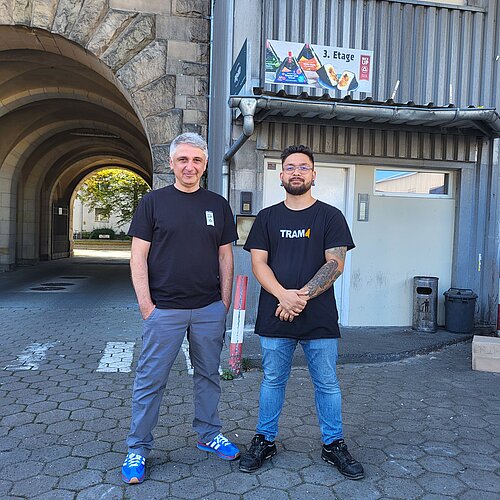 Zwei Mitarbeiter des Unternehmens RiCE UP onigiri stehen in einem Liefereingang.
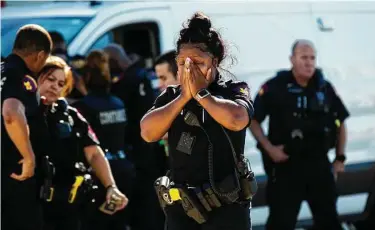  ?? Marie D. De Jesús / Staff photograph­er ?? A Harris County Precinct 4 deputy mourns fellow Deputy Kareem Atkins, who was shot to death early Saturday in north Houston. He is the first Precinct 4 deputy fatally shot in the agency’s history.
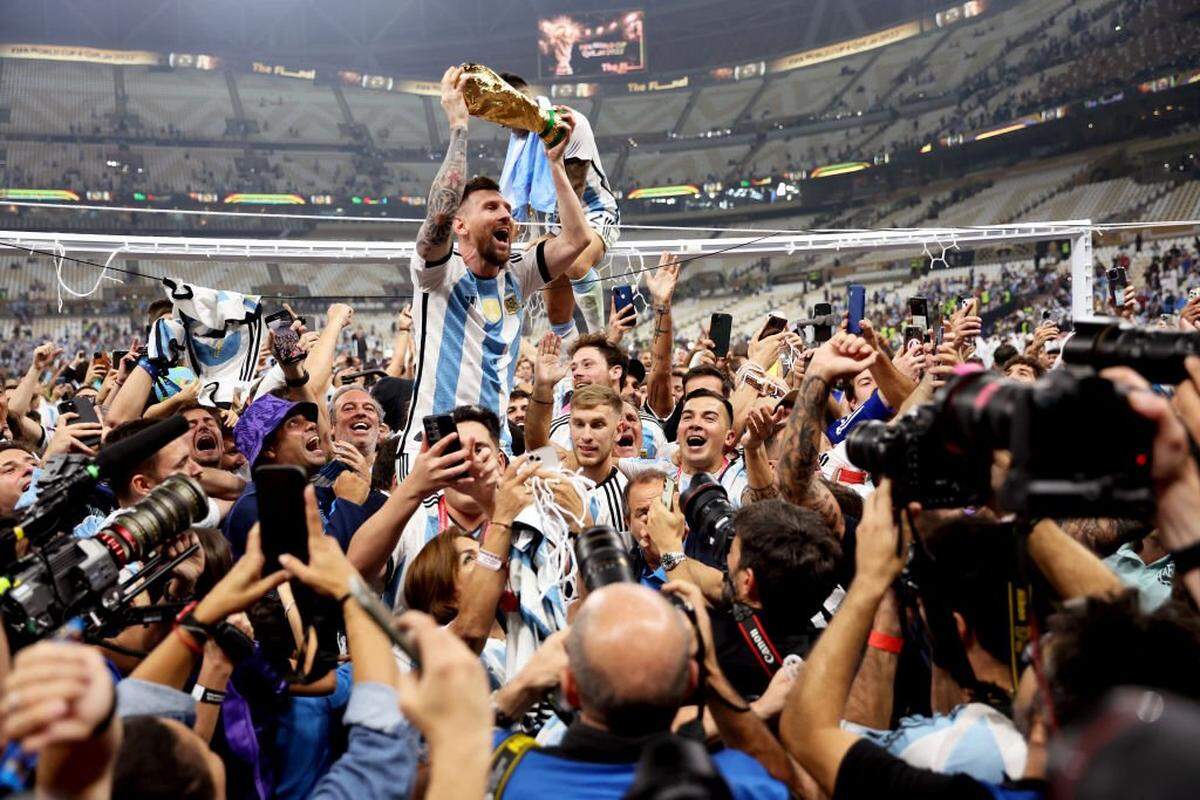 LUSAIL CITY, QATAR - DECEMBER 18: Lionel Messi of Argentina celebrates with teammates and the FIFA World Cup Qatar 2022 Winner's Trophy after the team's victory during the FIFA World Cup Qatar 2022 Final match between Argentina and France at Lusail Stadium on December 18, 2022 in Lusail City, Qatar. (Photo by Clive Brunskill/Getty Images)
· · · ·
**WHAT TO PRODUCE:** Transcribe the listing word for word, but keep its pictures out of the copy.

**REPLY TO THE TASK:**
 Zwei Mitarbeiter des Unternehmens RiCE UP onigiri stehen in einem Liefereingang.
  ?? Marie D. De Jesús / Staff photograph­er ?? A Harris County Precinct 4 deputy mourns fellow Deputy Kareem Atkins, who was shot to death early Saturday in north Houston. He is the first Precinct 4 deputy fatally shot in the agency’s history.
 LUSAIL CITY, QATAR - DECEMBER 18: Lionel Messi of Argentina celebrates with teammates and the FIFA World Cup Qatar 2022 Winner's Trophy after the team's victory during the FIFA World Cup Qatar 2022 Final match between Argentina and France at Lusail Stadium on December 18, 2022 in Lusail City, Qatar. (Photo by Clive Brunskill/Getty Images)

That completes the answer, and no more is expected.